TO DO:
Would you write out the entries again, exactly as they are, but without images?

▼

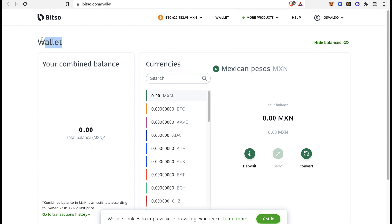In my case, I want to select the wallet that says Bitso. Why Bitso? Because Bitso works with Mexican peso, which is the currency that works in my bank account, and this one already works with USDT tokens too.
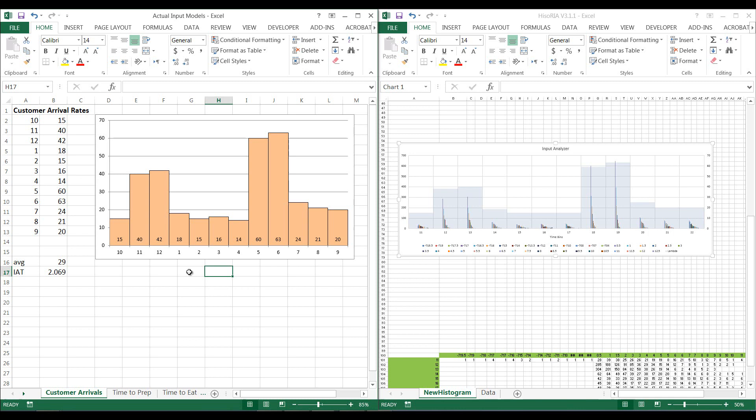Comparing Historia's output to the true input model used to generate the data confirms the tool's accuracy. For example, Historia estimates an arrival rate of 15.3 per hour in the first hour, while the true model used 15 per hour — minor differences attributable to randomness. The histograms correctly suggest exponential inter-arrival times, consistent with the actual data-generating distribution. In summary, this video covered basic steps of input analysis for non-stationary processes and demonstrated how Historia automates and enhances that process.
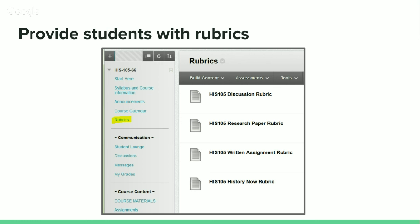This is a screenshot from one of my history courses showing rubrics right in the course menu, so students can always access all of them. It guides their goals when they're working on each assignment. The point is to let students know how they'll be evaluated before they do the work, rather than surprising them when they get the work back.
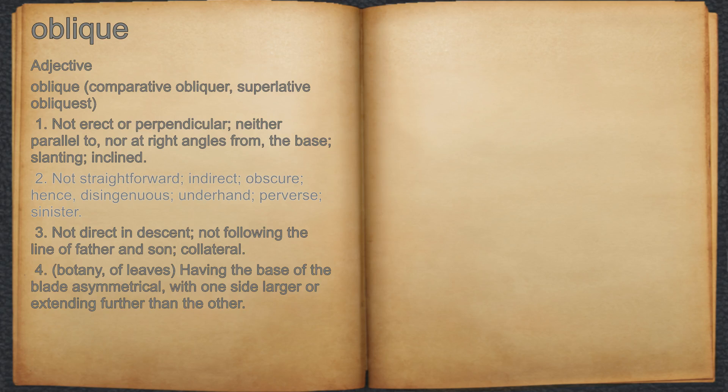2. Not straightforward, indirect, obscure, hence, disingenuous, underhand, perverse, sinister.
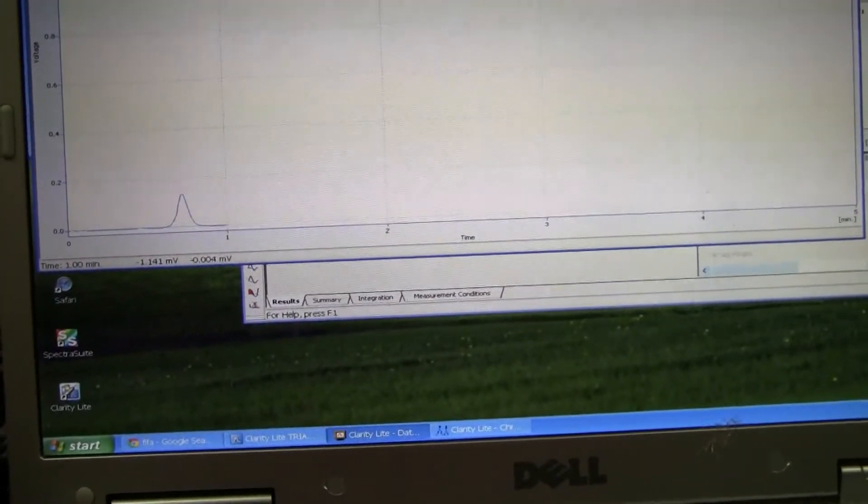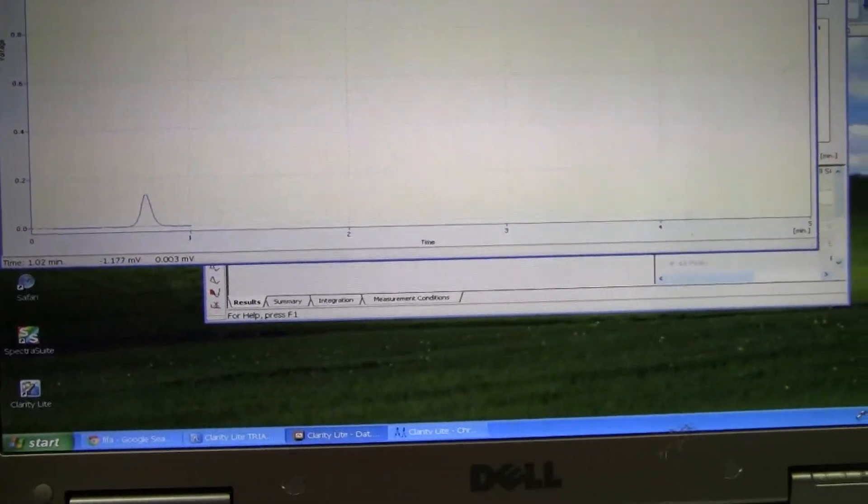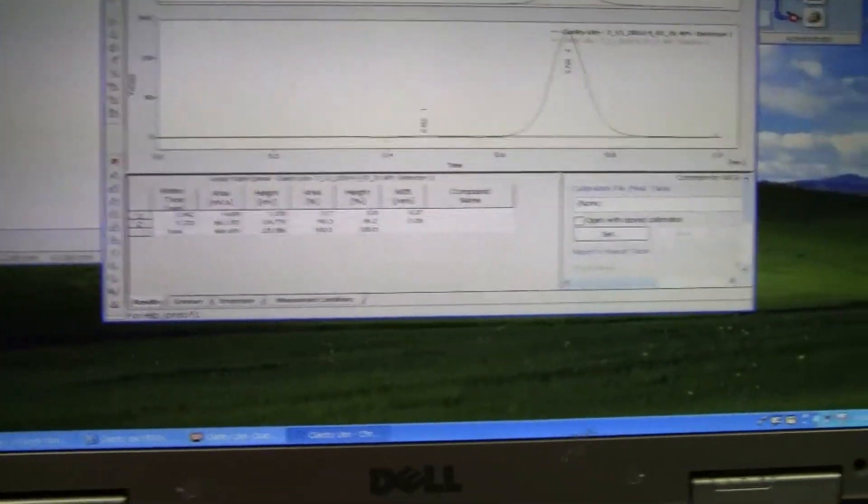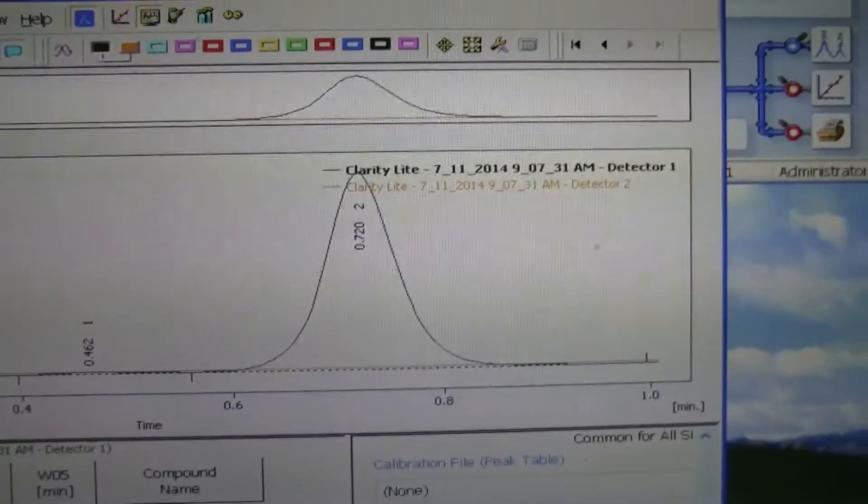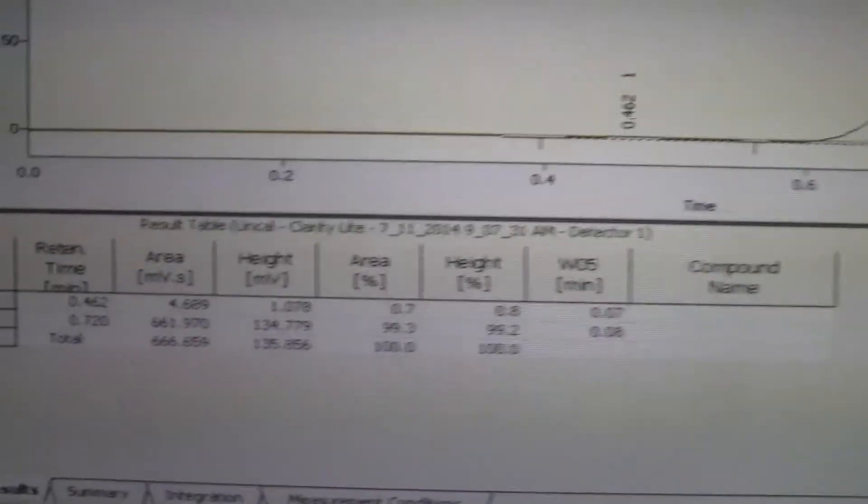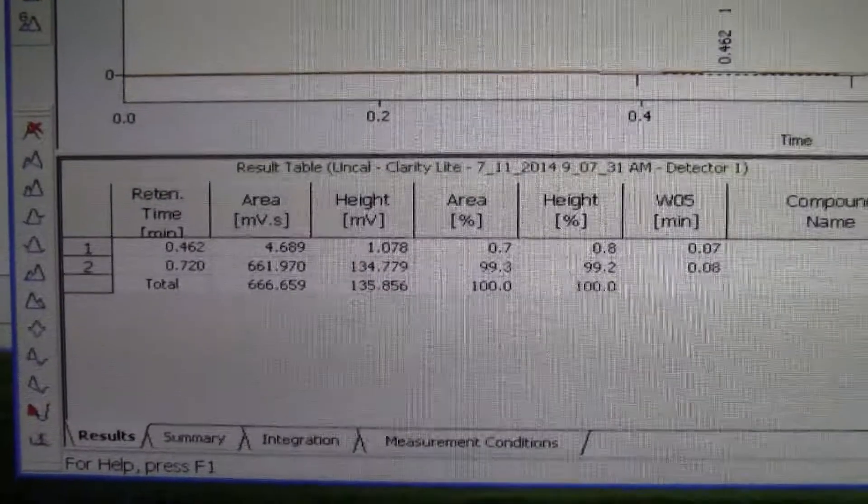Stop the run here. There's our peak, and there's our data.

▲

RESPONSE BOX:
In my case, I want to select the wallet that says Bitso. Why Bitso? Because Bitso works with Mexican peso, which is the currency that works in my bank account, and this one already works with USDT tokens too.
Comparing Historia's output to the true input model used to generate the data confirms the tool's accuracy. For example, Historia estimates an arrival rate of 15.3 per hour in the first hour, while the true model used 15 per hour — minor differences attributable to randomness. The histograms correctly suggest exponential inter-arrival times, consistent with the actual data-generating distribution. In summary, this video covered basic steps of input analysis for non-stationary processes and demonstrated how Historia automates and enhances that process.
This is a screenshot from one of my history courses showing rubrics right in the course menu, so students can always access all of them. It guides their goals when they're working on each assignment. The point is to let students know how they'll be evaluated before they do the work, rather than surprising them when they get the work back.
2. Not straightforward, indirect, obscure, hence, disingenuous, underhand, perverse, sinister.
Stop the run here. There's our peak, and there's our data.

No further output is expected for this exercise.